Japan is reportedly contemplating the export of used F-15 fighter jet engines to Indonesia to install them in Jakarta’s F-16 fighter jets.
According to a report in The Yomiuri Shimbun, Indonesia had requested the export of these engines from Japan, and both countries have already signed an agreement to transfer defense equipment and technology, thereby establishing the groundwork for this prospective transfer.
Japan is evaluating the possibility of installing the used Pratt & Whitney F100 turbofan engines, sourced from F-15 aircraft, into Indonesia’s F-16 fighter jets.
This reported decision is driven by the notable similarities between the F-15 and F-16 aircraft engines, providing Tokyo with the means to address Jakarta’s specific request.
Due to the challenges associated with modernizing the Air Self-Defense Force’s (ASDF) F-15s, approximately 100 of these aircraft are anticipated to be phased out.
Jakarta is currently in the process of modernizing its Air Force, which encompasses procuring Rafale fighter jets from France, while concurrently ensuring the operational functionality and upkeep of its existing fleet of American-made F-16 Fighting Falcons and Russian Sukhoi Su-27/30 Flanker fighters.
In addition, the country recently finalized a deal to procure a fleet of 12 Dassault Mirage 2000 fighter jets from the Qatar Emiri Air Force.
However, the operational parameters of Japan’s Three Principles on Transfer of Defense Equipment and Technology restrict the foreign transfer of defense equipment to “rescue, transportation, vigilance, surveillance, or minesweeping.”
As of now, parts are not covered within the guidelines’ scope.

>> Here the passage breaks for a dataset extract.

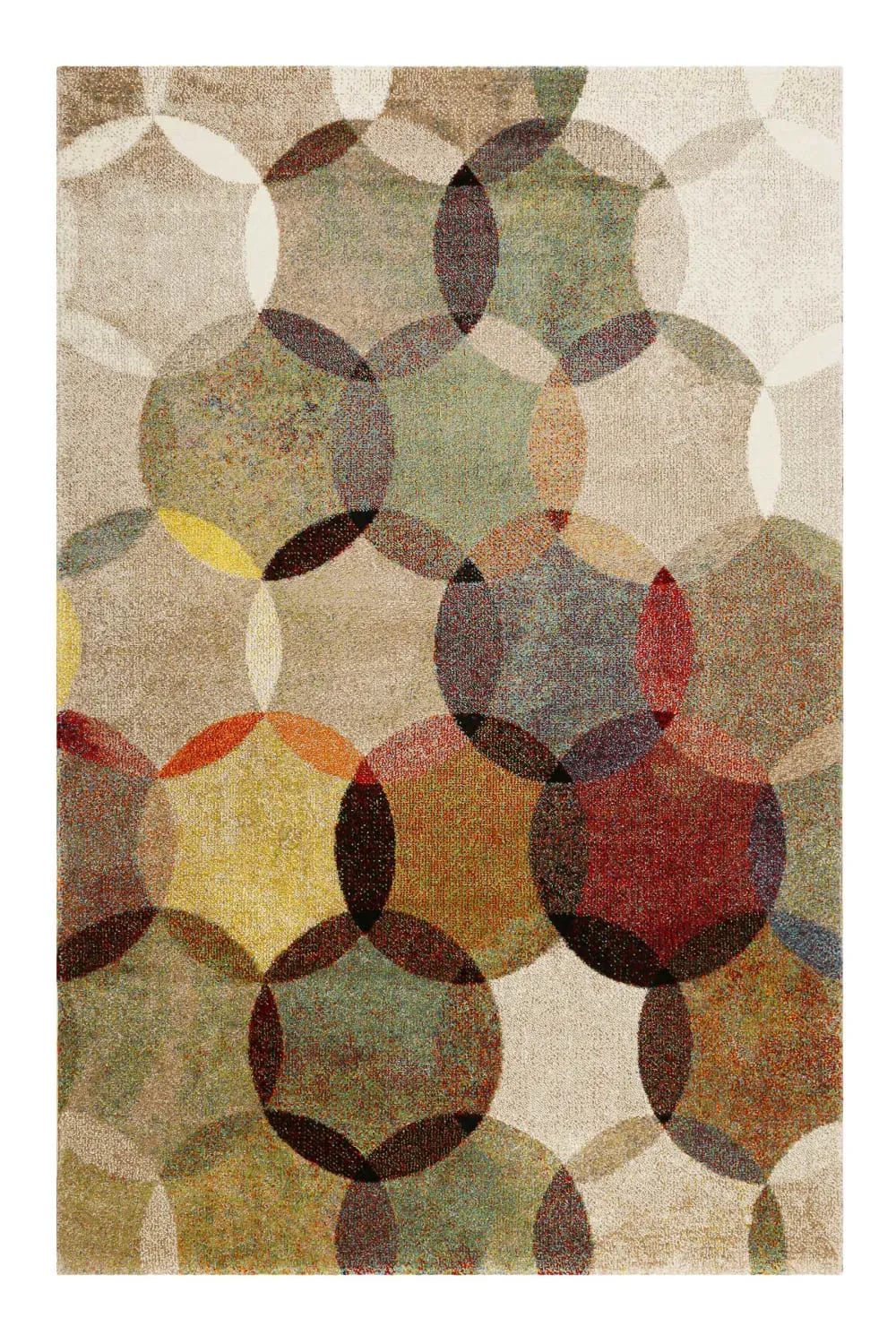 Tapis motif cercle vintage tons chauds 200x133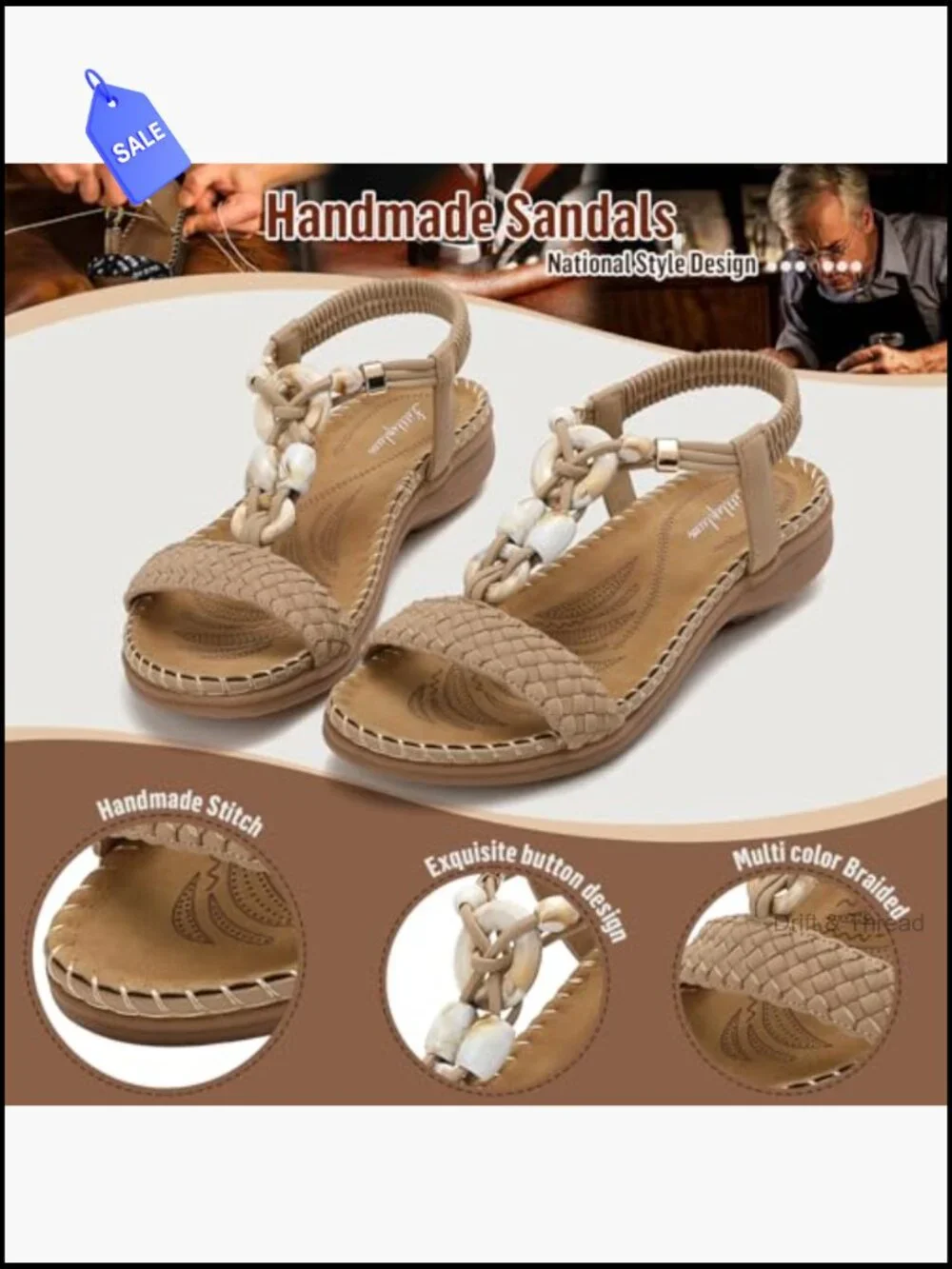 Women's Flat Sandals, Arch Support, Bohemian Braided, Comfort Walking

However, their export is allowed in international joint development situations, mainly if parts were previously exported to the United States.
The government is anticipated to introduce the proposed policy during an upcoming meeting of the Liberal Democratic Party (LDP) and its coalition partner Komeito.
Within the LDP, some members have expressed the view that the guidelines should be revised to facilitate the active export of parts and other equipment.
Keeping China in mind, the government’s objective is to prevent any alteration of the status quo in the Indo-Pacific through force. It is believed that by considering the export of these engines to Indonesia, Japan aims to establish a favorable security environment.
A Highly Valuable Reusable Powerplant
The future of approximately 200 engines, which will be extracted from the F-15 fighter jets upon their retirement, remains uncertain, as these engines retain their usability and hold significant potential for further application.
Due to their expected operational viability, they have garnered significant attention on the international stage, with no fewer than sixteen countries expressing a keen interest in acquiring these engines.
On May 9, Hiroshi Ide, the President of IHI Corporation, informed reporters that around 200 Pratt & Whitney F100 turbofan engines installed on the Mitsubishi F-15J fighter jets would need to be disposed of once the aircraft are retired.
Ide revealed that his company has engaged in discussions with the ruling party regarding the disposal of the engines from these fighter jets. Exporting the engines to another country has been considered as one potential solution.
According to Japan’s “Medium-Term Defense Program,” formulated in late 2022, there is a clear emphasis on accelerating the replacement of older fighter jets unsuitable for refurbishment. The plan entails replacing these outdated aircraft with the latest version of equipment available.
To align with this strategy, the nation intends to replace approximately half of the 200 Air Self-Defense Force (ASDF) F-15s with F-35s within the next decade. The plan outlines a gradual phasing out of the F-15s at a rate of around ten aircraft per year.
Since F-15 is a twin-engine fighter jet, this would make approximately 20 engines available each year for potential export or repurposing.
The second-hand Pratt & Whitney F100 turbofan engines of F-15s hold potential for reuse by other countries’ air forces that operate F-15s and F-16s fighter jets. Anticipated interested parties include Taiwan, South Korea, Indonesia, Saudi Arabia, and several European countries.
Transferring these engines to like-minded nations deemed vital for Japan’s security would facilitate cooperative relations and strengthen bilateral ties in the defense domain.
IHI Corporation manufactures the Pratt & Whitney F100 turbofan engine under license. In the event of their transfer to foreign countries, the maintenance and servicing of these engines would be entrusted to the Japanese firms.
This arrangement would bring substantial benefits to domestic companies, as they would have the opportunity to engage in ongoing maintenance activities, fostering the growth and expertise of the Japanese aerospace industry.